Keev's story was the only one with a complete plot and a complete story arc.
But that's what I'm getting at right there: it seems contradictory to say that the novel lacks a major plot and to then say that the story which took up half the novel was the only one with a complete plot and a complete story arc. I think taking up half the book qualifies the Keev story as a major plot.
Look, I'm not saying that the book was perfect. I could've done with more story focused on the station. But at the same time, I also wouldn't have wanted to sacrifice any of the threads that we got. The novel continuity, and DS9 specifically, has about a gazillion stories going on right now, and I was happy to see them all advance.
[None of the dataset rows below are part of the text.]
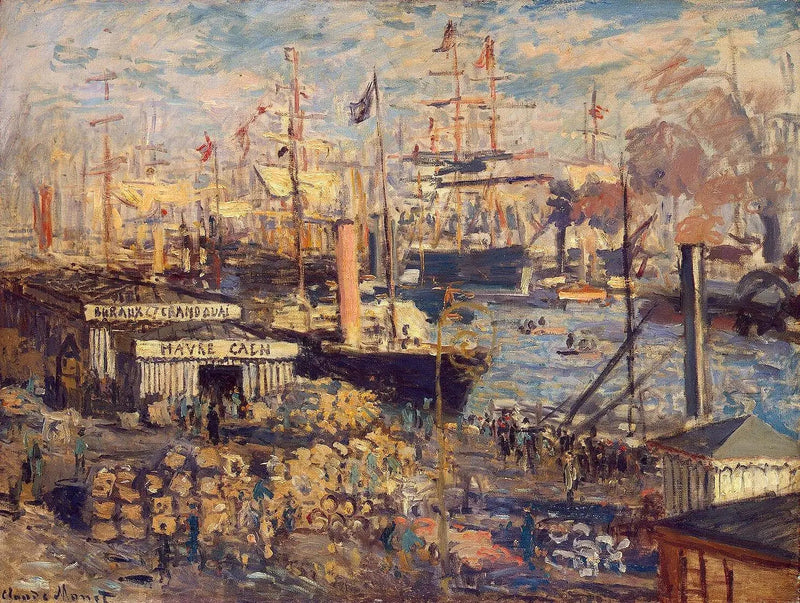 Wielki Nabrzeże w Le Havre - Claude Monet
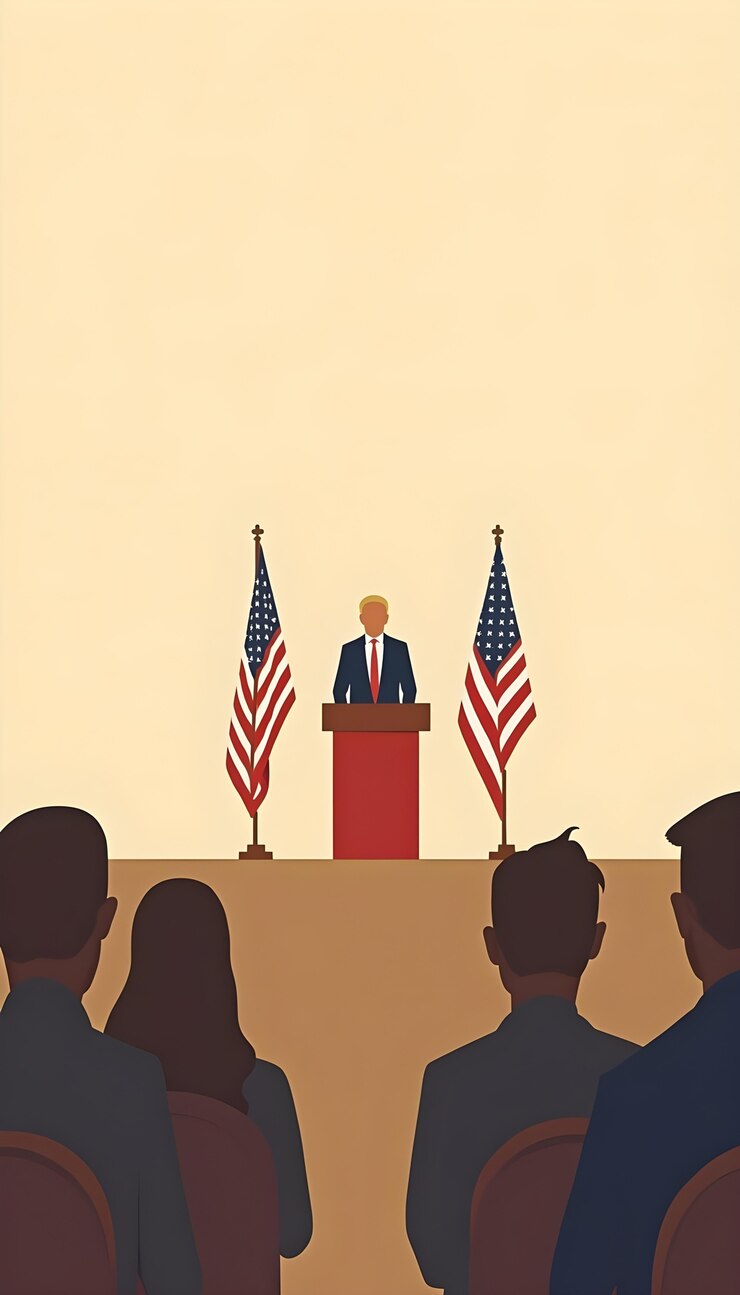 Foto grátis ilustração do conceito de votação nas eleições dos estados unidos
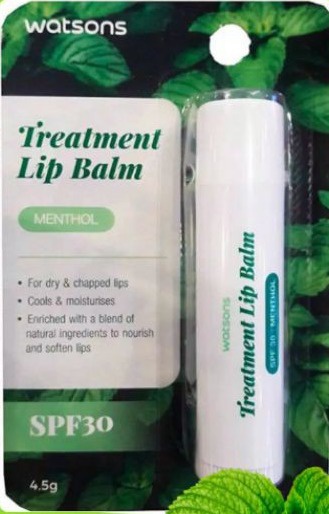 Watsons Treatment Lip Balm SPF 30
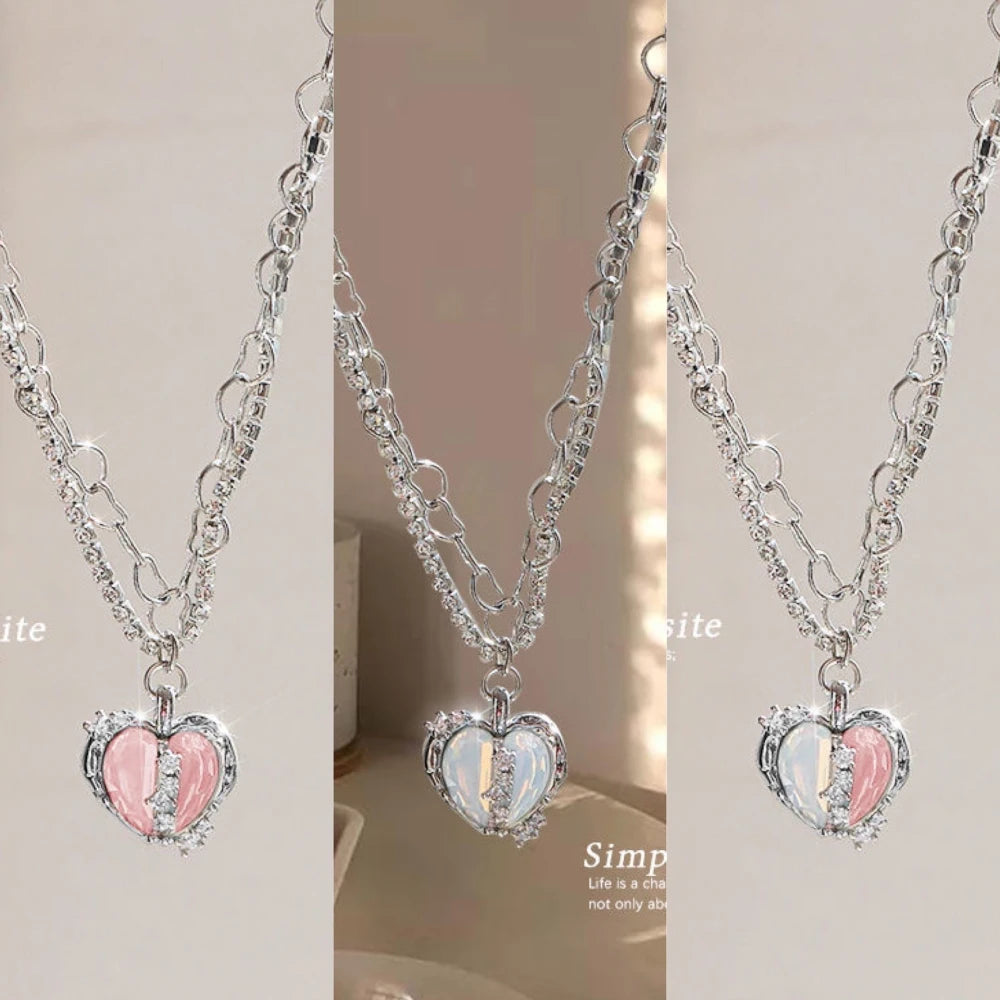 Collar de Alce Pequeño para Mujer - Joyería de Alta Gama con Colgante de Diamantes de Imitación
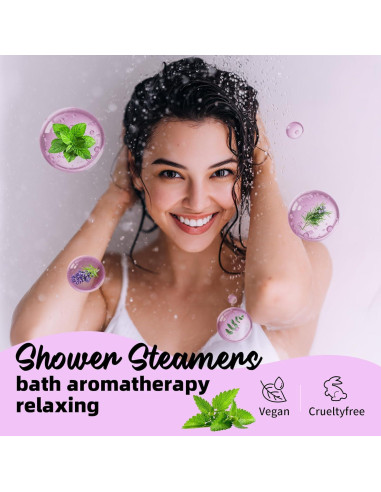 Bombas de Vapor Aromaterapia iukoien - Paquete de 8 Unidades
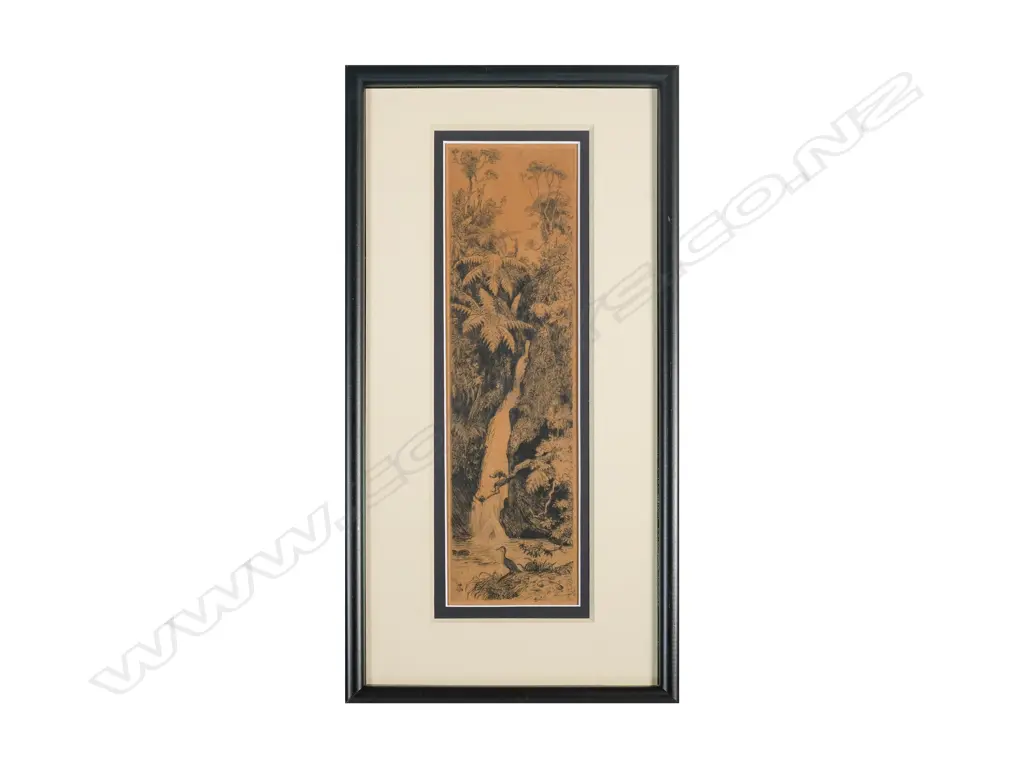 Trevor Lloyd (1863-1937) - Karamatura Falls - Etching Image 1++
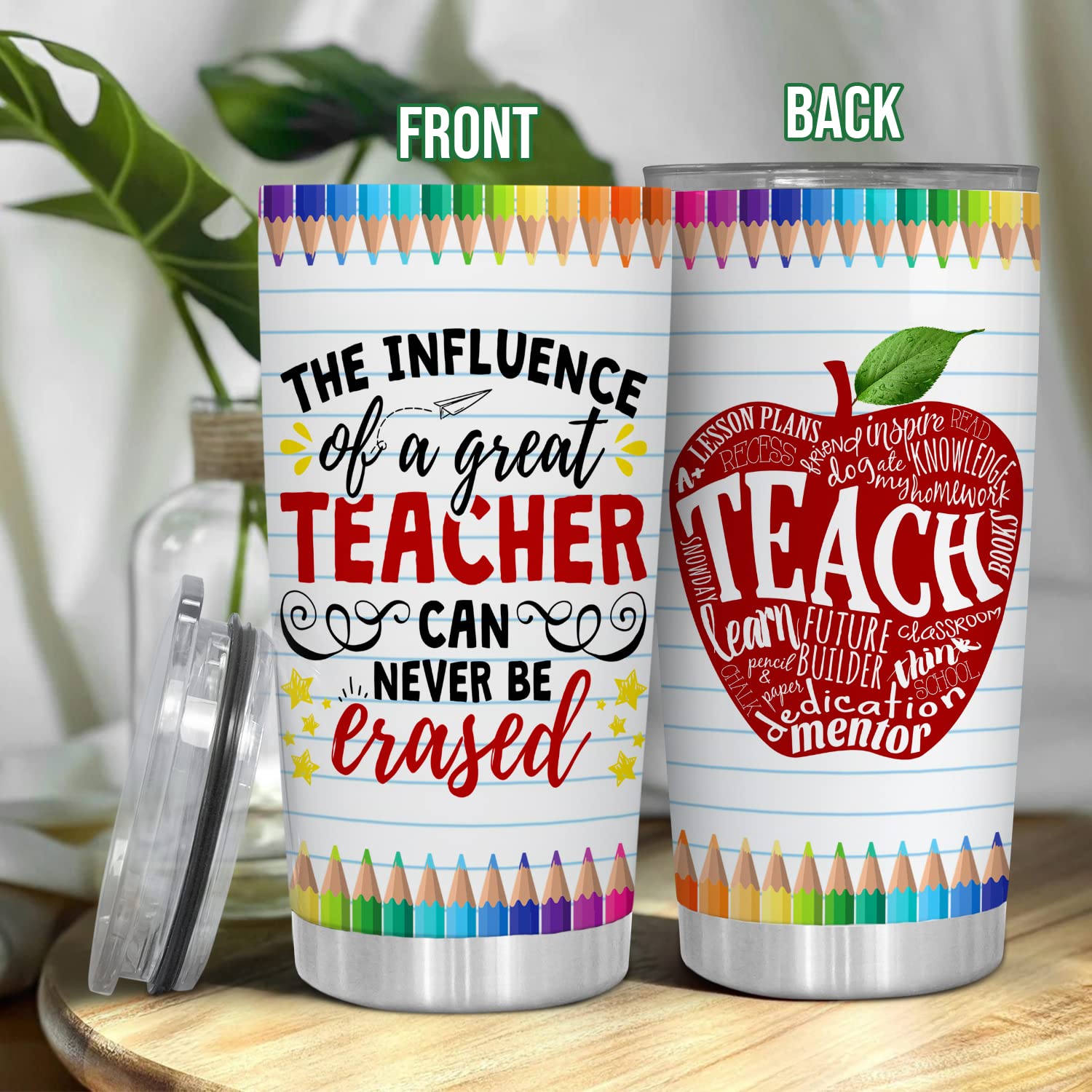 Teezwonder Teacher Appreciation Gifts For Women - Teachers Day, Graduation, Appreciation Week, Back To School, Birthday, Christm
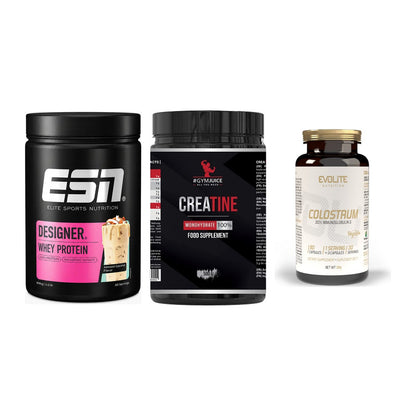 Einsteiger-Set: ESN Designer + #GYMJUICE + Evolite Nutritio – alle enthaltenen Artikel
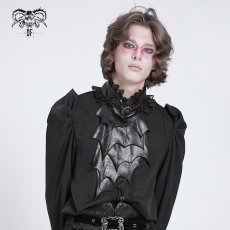 画像2: Bat-shaped gothic bow tie / 付け襟 / ジャボタイ【Devil Fashion】 (2)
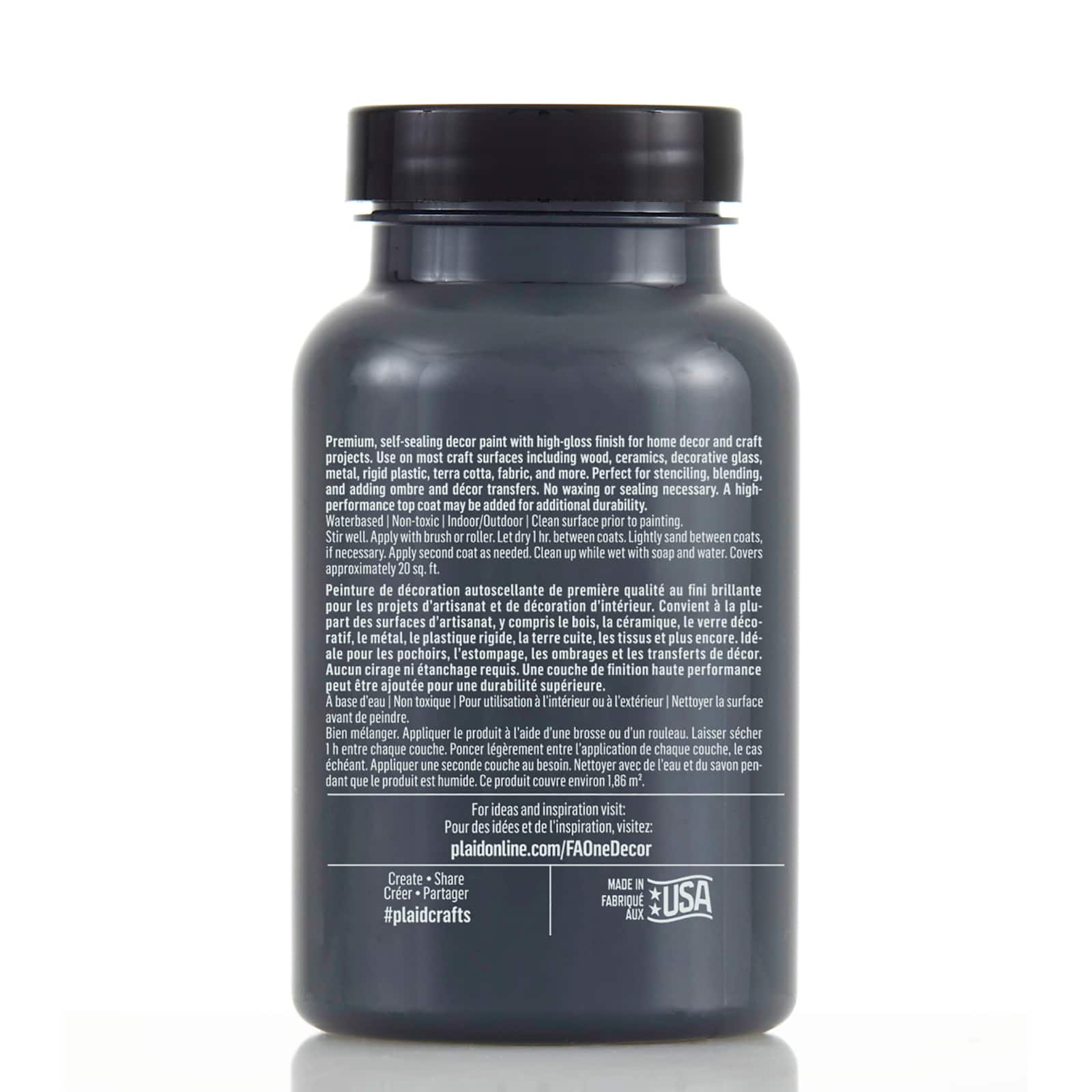 12 Pack: FolkArt® One Décor Paint™ Gloss Paint & Sealer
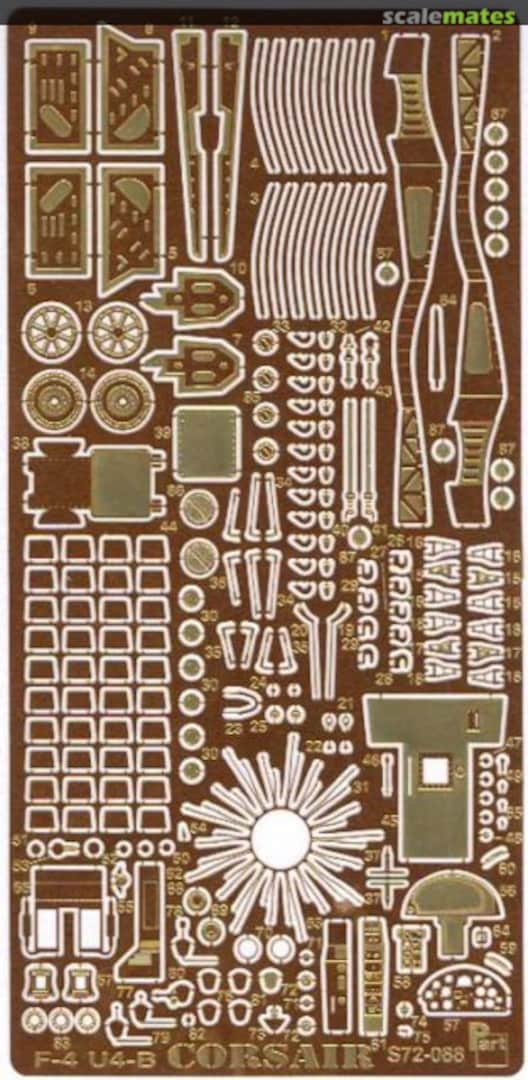 Boxart F4U-4B Corsair S72-088 Part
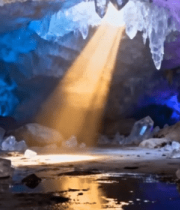 水晶洞穴内部景象14845#横屏 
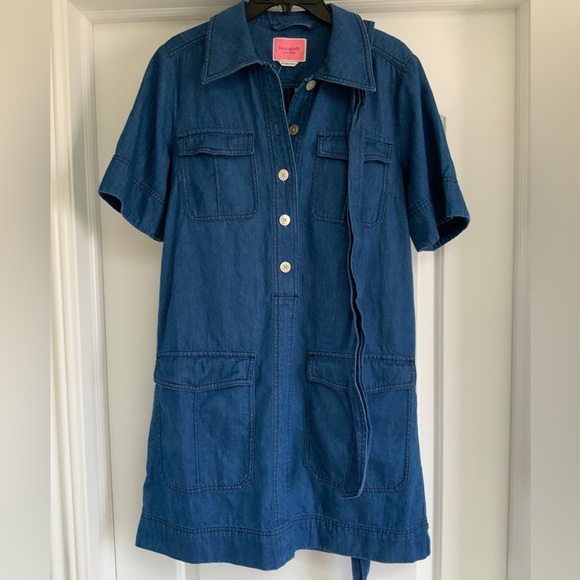 Kate Spade Denim Utility Shirtdress - Picture 4 of 4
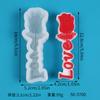 Molde de Silicone para Fazer Velas Perfumadas com Letras Longas, Rosa, Tulipa, Bolo Mousse, Ornamento de Gesso DIY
The other choice would've been to slim down the Keev narrative. Maybe DRGIII should've done that. I did think that some of the early chapters in the Keev story could've been trimmed. (I would not
have wanted the retelling of "Emissary" to have been cut. That part was important, at least, to me.) But I think he was very deliberate in keeping that story in in its entirety. As I said in my post, there are several things I think that story is supposed to explain, both directly and indirectly, and those things were important.
And if he had slimmed down the Keev narrative, then we would've argued that there were no
plots at all. Really, with all the stories that DRGIII inherited for this volume, he would've had to outright ignore
half-a-dozen stories to focus on one or two. And, frankly, that would've sucked.
As for the book not being what was marketed... I feel that's what we get for most Trek novels these days. It's not a precise analogue, but notice how we always see actors from the shows on the covers, even if they're no more than bit characters. It's how they attract new readers. Same thing with those descriptions. Unless we want stories that are "safe" from a marketing perspective (ie. doing what they know works– read: stuff that's already been done), we shouldn't expect the descriptions to be 100% accurate.